AGL fined on door-to-door sales

ACCC says Federal Court judgment shows businesses must obey consumer law.

Energy retailer AGL has been fined $35,000 after a salesman ignored a Do Not Knock sign.

Federal Court judge John Middleton punished AGL and its marketing company CPM for the conduct of a South Australian salesman.

"These penalties reflect the need to deter conduct of such seriousness by the relevant respondents and others in the door-to-door selling industry," he said in his judgment.

AGL South Australia was fined $35,000 while its marketing agent CPM, who contracted the salesman, was penalised $25,000 for trying to negotiate an energy supply agreement in November 2011.

He had remained on the premises despite the consumer having an image on the front door of a knocking fist with a line through it.

The maximum penalty is $50,000.

The Australian Competition and Consumer Commission (ACCC), which initiated the legal proceedings, said the fines showed businesses needed to obey the law.

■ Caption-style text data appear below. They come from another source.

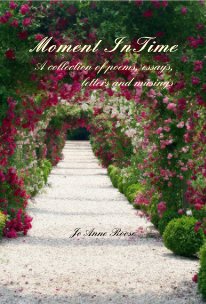 Moment InTime A collection of poems, essays, letters and musings book cover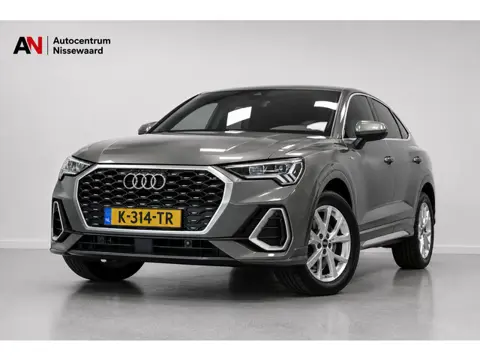 Audi Q3 Sportback 35 TFSI S Line Edition |Virtual|Carplay|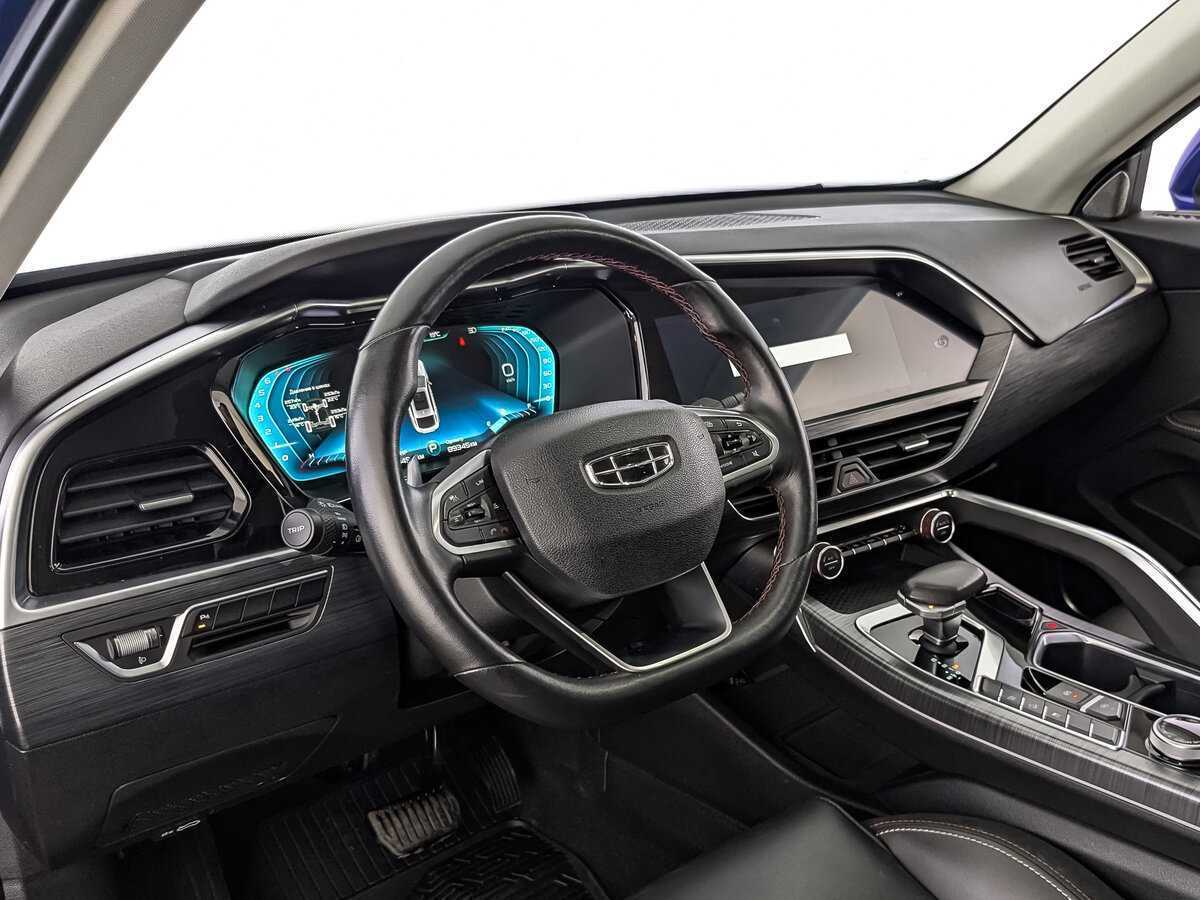 Б/У Джили Тугелла 2020 года. Фото: #12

"These penalties are yet another clear warning that businesses must comply with the unsolicited consumer agreement provisions of the Australian consumer law, which are designed to protect consumers in their own homes," ACCC Commissioner Sarah Court said in a statement.

The Federal Court in October found that AGL and CPM had breached Australian consumer law by ignoring the Do Not Knock sign.

As part of the same proceedings, Justice Middleton ordered AGL Sales and AGL SA to pay combined penalties of $1.555 million for other unlawful selling practices, including making false representations to consumers.

CPM was also ordered to pay $200,000 for its role in the conduct.